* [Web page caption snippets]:
================================
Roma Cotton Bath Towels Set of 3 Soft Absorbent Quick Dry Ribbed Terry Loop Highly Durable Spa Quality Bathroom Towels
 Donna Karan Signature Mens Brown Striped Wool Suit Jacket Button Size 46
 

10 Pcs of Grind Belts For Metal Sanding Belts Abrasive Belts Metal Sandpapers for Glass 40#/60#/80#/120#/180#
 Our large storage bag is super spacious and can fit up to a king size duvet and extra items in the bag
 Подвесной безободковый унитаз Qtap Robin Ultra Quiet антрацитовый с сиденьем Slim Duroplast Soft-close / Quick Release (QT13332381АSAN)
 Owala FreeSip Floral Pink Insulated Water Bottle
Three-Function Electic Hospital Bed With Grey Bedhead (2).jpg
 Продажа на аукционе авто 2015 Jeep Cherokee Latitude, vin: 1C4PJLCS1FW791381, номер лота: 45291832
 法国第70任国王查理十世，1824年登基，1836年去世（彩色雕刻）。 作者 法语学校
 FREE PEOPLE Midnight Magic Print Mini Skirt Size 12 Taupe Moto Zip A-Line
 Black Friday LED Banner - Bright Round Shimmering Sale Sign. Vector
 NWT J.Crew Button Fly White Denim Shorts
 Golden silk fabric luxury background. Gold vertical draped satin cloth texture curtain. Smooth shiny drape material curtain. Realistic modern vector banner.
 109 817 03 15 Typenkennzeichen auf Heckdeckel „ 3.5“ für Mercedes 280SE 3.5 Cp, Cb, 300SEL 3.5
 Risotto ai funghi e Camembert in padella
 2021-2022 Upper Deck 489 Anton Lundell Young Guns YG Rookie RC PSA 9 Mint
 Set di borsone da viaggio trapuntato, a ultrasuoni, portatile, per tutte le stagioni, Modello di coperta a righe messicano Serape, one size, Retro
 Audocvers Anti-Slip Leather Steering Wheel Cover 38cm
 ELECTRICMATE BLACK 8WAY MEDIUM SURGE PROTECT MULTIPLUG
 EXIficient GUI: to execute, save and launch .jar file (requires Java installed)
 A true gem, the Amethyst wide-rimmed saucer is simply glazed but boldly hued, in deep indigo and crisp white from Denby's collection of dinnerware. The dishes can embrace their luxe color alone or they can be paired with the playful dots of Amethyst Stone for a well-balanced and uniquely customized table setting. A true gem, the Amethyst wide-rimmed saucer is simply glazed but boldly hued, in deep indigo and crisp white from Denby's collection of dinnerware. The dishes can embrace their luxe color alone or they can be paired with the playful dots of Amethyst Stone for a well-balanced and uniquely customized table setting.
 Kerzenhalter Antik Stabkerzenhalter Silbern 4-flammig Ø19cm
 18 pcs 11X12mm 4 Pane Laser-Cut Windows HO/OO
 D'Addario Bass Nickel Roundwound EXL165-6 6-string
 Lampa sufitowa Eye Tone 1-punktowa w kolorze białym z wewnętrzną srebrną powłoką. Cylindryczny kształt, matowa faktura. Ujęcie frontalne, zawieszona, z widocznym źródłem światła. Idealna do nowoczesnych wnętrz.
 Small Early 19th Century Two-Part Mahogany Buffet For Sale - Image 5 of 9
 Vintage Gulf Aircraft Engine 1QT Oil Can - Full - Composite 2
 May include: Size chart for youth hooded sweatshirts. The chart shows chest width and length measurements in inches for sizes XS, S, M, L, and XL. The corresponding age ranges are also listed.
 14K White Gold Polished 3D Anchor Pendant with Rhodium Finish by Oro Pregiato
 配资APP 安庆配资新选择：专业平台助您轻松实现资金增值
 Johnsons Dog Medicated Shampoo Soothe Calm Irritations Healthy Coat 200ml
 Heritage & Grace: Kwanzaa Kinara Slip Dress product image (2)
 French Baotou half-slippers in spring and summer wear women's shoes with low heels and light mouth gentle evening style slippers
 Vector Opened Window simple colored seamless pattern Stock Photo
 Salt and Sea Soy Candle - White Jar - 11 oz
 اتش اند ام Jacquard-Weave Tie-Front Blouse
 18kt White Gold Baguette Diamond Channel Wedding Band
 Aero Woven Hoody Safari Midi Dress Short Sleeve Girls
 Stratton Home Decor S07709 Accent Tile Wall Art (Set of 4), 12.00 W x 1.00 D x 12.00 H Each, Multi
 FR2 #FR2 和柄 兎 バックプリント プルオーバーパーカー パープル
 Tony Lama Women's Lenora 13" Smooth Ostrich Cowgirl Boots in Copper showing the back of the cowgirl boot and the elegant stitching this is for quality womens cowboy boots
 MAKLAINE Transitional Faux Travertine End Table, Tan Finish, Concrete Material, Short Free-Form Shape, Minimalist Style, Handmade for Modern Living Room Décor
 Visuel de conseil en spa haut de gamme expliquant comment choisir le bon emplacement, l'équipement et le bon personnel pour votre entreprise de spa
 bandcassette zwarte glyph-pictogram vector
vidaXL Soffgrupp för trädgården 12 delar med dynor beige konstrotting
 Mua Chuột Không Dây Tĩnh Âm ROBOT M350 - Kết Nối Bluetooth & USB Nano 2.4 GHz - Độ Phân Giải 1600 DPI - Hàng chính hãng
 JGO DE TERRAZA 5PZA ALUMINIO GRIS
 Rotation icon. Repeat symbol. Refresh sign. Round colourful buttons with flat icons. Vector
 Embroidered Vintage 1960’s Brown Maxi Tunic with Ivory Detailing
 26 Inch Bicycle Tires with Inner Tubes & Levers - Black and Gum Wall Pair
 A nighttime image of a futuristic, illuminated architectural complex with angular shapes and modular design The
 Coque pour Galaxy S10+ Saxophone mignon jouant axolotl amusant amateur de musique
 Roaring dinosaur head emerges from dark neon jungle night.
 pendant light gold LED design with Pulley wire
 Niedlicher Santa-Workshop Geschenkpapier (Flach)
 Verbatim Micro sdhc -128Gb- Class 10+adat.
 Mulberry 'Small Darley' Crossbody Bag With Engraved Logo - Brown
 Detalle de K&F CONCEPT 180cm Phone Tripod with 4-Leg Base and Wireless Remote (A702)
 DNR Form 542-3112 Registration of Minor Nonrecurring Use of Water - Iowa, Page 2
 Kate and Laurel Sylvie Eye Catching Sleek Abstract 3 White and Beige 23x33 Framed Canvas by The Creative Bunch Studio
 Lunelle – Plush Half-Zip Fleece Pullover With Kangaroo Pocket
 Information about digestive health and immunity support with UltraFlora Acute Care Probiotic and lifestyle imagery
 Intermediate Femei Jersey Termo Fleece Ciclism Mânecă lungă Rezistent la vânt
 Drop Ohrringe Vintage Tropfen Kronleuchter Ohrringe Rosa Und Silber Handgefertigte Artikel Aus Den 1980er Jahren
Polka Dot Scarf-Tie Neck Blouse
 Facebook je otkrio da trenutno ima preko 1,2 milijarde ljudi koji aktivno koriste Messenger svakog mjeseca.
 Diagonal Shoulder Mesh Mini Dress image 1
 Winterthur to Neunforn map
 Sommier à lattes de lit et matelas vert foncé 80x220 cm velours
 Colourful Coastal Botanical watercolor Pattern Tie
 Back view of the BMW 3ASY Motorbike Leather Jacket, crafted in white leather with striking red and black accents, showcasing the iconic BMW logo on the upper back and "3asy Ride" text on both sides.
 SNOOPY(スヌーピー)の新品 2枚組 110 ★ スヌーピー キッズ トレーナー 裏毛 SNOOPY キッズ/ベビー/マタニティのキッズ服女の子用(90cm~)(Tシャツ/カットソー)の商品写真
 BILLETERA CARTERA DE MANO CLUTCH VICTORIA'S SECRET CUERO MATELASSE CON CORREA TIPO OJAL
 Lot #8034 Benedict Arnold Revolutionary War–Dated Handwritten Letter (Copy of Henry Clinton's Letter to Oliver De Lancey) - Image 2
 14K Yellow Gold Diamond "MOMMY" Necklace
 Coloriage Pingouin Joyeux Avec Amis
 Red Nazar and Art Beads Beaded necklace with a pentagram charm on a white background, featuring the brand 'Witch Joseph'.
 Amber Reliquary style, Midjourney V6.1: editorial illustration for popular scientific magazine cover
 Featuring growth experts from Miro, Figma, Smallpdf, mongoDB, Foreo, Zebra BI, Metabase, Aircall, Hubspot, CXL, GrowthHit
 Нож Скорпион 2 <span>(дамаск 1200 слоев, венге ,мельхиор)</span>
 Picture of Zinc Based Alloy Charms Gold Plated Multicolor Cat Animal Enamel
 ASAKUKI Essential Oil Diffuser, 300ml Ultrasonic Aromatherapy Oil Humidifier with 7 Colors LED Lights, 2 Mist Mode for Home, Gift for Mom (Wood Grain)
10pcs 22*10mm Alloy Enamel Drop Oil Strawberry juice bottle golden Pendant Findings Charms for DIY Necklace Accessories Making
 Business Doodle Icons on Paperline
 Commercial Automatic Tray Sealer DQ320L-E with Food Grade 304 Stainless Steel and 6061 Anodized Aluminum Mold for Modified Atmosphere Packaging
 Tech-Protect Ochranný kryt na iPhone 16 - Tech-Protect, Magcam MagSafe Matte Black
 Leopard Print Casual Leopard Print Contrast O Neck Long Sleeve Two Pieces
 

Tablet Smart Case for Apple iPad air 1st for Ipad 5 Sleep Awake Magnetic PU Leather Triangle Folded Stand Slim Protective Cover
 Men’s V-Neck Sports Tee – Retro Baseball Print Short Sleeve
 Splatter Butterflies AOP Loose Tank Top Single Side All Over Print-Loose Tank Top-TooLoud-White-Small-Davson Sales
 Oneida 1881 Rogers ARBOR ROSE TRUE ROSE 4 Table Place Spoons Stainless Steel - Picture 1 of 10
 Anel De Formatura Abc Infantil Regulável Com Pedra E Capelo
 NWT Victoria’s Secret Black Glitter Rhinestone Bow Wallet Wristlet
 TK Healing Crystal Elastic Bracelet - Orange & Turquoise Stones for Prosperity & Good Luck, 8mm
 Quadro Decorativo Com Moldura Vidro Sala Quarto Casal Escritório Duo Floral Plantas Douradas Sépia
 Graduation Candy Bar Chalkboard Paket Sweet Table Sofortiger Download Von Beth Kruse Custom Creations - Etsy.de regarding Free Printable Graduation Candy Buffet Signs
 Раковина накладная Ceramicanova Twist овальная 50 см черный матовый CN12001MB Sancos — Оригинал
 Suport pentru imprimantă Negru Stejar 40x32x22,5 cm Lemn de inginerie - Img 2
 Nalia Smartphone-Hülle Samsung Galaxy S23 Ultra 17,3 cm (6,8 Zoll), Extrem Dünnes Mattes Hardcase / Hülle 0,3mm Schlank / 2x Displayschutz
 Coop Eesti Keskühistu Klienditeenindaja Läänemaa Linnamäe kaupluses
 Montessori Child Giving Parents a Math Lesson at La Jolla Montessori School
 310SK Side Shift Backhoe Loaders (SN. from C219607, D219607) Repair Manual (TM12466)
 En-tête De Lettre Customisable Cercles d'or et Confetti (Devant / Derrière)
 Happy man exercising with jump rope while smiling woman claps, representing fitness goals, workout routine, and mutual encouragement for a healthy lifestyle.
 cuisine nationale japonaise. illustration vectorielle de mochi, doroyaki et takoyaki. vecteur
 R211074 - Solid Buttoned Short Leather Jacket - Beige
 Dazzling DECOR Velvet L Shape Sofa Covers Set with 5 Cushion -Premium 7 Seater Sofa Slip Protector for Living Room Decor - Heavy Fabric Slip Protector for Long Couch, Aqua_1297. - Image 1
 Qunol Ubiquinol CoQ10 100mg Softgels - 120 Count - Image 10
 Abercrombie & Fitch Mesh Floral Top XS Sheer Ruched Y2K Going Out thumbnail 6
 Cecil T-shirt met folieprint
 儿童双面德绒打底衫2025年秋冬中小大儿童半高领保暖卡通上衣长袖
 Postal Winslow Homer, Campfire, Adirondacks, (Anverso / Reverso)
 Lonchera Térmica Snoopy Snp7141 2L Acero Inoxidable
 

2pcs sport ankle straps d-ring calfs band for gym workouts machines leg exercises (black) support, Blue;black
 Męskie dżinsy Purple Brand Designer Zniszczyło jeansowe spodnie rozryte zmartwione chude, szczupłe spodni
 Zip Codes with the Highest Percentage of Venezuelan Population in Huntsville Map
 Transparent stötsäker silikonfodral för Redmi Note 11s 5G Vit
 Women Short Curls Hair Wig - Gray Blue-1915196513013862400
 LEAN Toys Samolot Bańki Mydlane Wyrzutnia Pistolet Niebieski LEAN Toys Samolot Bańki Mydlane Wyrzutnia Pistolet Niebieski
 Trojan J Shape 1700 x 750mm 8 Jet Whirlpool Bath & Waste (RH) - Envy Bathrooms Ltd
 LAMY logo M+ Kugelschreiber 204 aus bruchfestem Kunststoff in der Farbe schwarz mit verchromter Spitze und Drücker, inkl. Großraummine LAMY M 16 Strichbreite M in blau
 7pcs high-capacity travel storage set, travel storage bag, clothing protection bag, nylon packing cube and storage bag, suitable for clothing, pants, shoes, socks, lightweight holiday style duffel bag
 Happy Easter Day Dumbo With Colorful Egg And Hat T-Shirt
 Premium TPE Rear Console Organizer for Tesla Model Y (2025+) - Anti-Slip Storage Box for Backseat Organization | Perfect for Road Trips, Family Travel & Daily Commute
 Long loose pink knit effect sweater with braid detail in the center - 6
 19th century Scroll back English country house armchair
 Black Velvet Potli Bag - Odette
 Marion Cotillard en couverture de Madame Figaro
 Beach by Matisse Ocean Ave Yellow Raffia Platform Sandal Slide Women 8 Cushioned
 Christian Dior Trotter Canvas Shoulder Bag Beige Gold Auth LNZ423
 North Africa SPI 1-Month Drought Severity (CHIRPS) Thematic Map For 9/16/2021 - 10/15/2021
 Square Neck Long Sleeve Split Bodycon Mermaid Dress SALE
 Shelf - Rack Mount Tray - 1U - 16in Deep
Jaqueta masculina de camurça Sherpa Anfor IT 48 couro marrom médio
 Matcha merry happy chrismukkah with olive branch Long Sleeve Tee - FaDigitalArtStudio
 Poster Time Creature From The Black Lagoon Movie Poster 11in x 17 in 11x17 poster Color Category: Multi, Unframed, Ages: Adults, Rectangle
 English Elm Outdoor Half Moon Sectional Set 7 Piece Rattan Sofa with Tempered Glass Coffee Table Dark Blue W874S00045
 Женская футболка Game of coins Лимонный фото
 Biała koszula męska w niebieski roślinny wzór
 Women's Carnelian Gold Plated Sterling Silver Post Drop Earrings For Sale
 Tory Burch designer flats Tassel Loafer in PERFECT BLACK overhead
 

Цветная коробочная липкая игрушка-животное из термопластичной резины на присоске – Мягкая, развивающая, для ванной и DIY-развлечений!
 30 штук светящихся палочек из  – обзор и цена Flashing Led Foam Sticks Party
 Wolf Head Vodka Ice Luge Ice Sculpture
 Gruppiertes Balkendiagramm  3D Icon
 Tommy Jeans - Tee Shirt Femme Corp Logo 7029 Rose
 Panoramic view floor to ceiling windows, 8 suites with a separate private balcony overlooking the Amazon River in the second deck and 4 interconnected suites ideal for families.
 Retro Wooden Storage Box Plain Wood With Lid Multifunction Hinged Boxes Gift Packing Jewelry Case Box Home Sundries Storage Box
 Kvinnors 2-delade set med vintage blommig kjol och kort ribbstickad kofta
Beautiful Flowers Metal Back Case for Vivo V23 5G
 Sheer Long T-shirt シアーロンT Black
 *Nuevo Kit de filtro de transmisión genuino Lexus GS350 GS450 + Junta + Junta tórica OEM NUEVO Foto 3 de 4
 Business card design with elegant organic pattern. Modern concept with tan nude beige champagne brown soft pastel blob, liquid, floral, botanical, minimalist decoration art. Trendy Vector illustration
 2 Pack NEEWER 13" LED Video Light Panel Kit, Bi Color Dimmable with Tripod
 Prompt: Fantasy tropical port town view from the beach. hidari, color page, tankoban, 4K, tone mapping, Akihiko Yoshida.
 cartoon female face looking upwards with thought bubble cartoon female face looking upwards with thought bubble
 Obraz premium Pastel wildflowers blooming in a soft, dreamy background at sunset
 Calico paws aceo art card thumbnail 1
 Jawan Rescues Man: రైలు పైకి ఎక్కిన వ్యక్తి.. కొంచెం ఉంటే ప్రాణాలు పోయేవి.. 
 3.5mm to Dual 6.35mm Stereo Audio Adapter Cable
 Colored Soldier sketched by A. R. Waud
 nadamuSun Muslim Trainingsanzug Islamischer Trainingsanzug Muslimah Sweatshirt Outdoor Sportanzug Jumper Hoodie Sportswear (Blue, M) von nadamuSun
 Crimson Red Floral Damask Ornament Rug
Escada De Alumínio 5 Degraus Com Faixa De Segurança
================================
* [WORK INSTRUCTION]: Transcribe the records above from the line holding "Splatter Butterflies AOP" down to the line holding "Anel De Formatura", inclusive, without adding anything.

* [FINISHED EXERCISE]:
 Splatter Butterflies AOP Loose Tank Top Single Side All Over Print-Loose Tank Top-TooLoud-White-Small-Davson Sales
 Oneida 1881 Rogers ARBOR ROSE TRUE ROSE 4 Table Place Spoons Stainless Steel - Picture 1 of 10
 Anel De Formatura Abc Infantil Regulável Com Pedra E Capelo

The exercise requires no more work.